La définition d’Etiemble convient parfaitement à Regis Debray : cet intellectuel est un emmerdeur.
Moins bien coiffé que les rejetons de Sartre, moins fixe dans la pose, ce sexagénaire conserve son air de vouloir en découdre avec le destin, celui qui l’a mené en Bolivie sur la trace de l’absolu héroïque tout en le faisant naître dans cette génération gâtée des trente glorieuses.
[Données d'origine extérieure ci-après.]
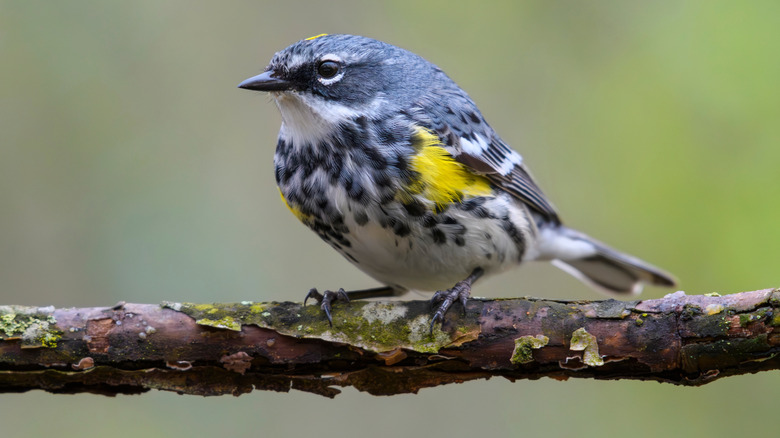 A yellow rumped warbler, one of the birds that eats the berries of northern bayberries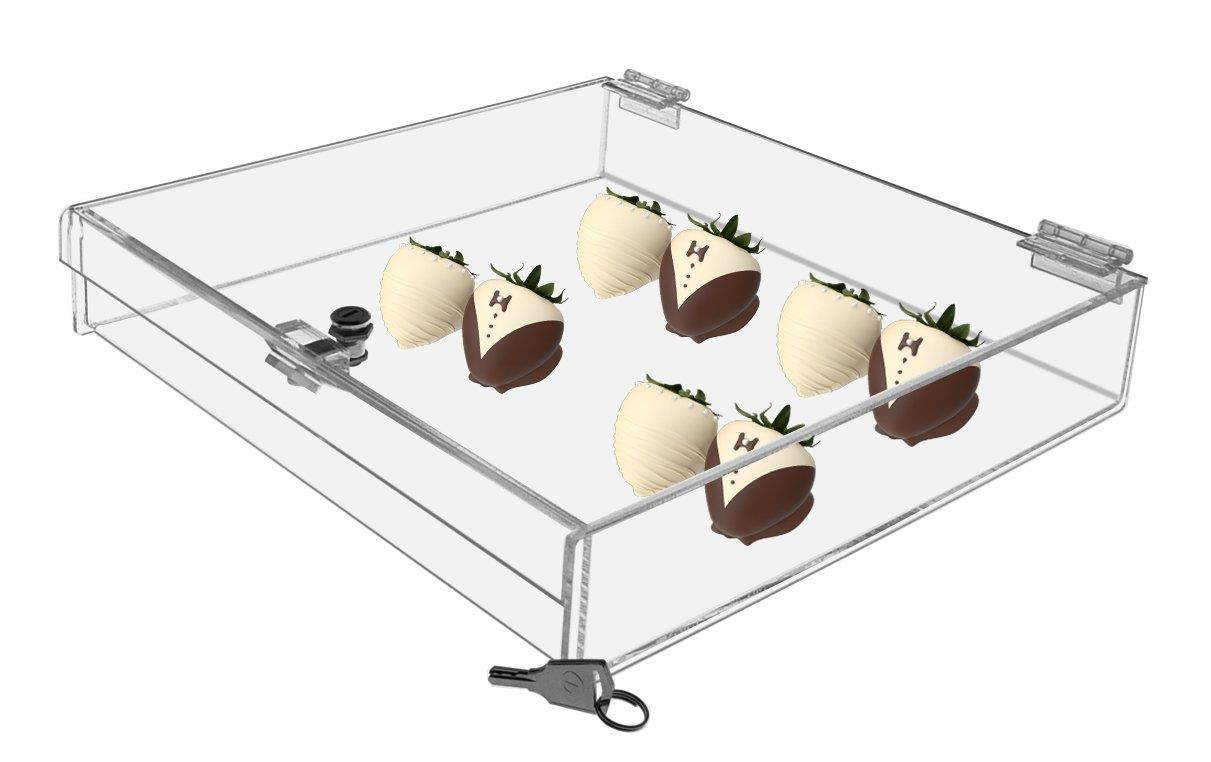 Marketing Holders Locking Cae Security Show Case Safe Box Display Valubles Keep Safe (1, 12"w x 12"d x 2"h)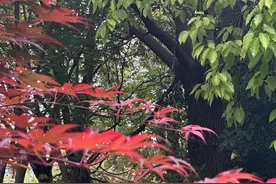 今天为大家推荐一条自驾最美四明山线路 上海——四明湖图片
Bien sûr, il a vieilli, et l’activiste de gauche ne se retrouverait peut-être pas toujours dans le laudateur de De Gaulle [1]. Mais cet universitaire agité, plus apte à la médiologie qu’à la médiation, sait ne pas verser dans le conservatisme acariâtre. S’il grogne c’est avec humour, raillant sa mauvaise foi en refusant le jeunisme.
Avec Rêveries de gauche [2] il se livre à un étonnant essai de prospective sur ce qui est advenu. C’est-à-dire que son livre, publié avant l’échéance électorale, a osé certifié la victoire des socialistes à la présidentielle de 2012 pour mieux se demander si c’est celle de la gauche. Car la gauche de Debray a des accents jauressiens, rocailleux et cultivés. Comme elle, elle est visionnaire.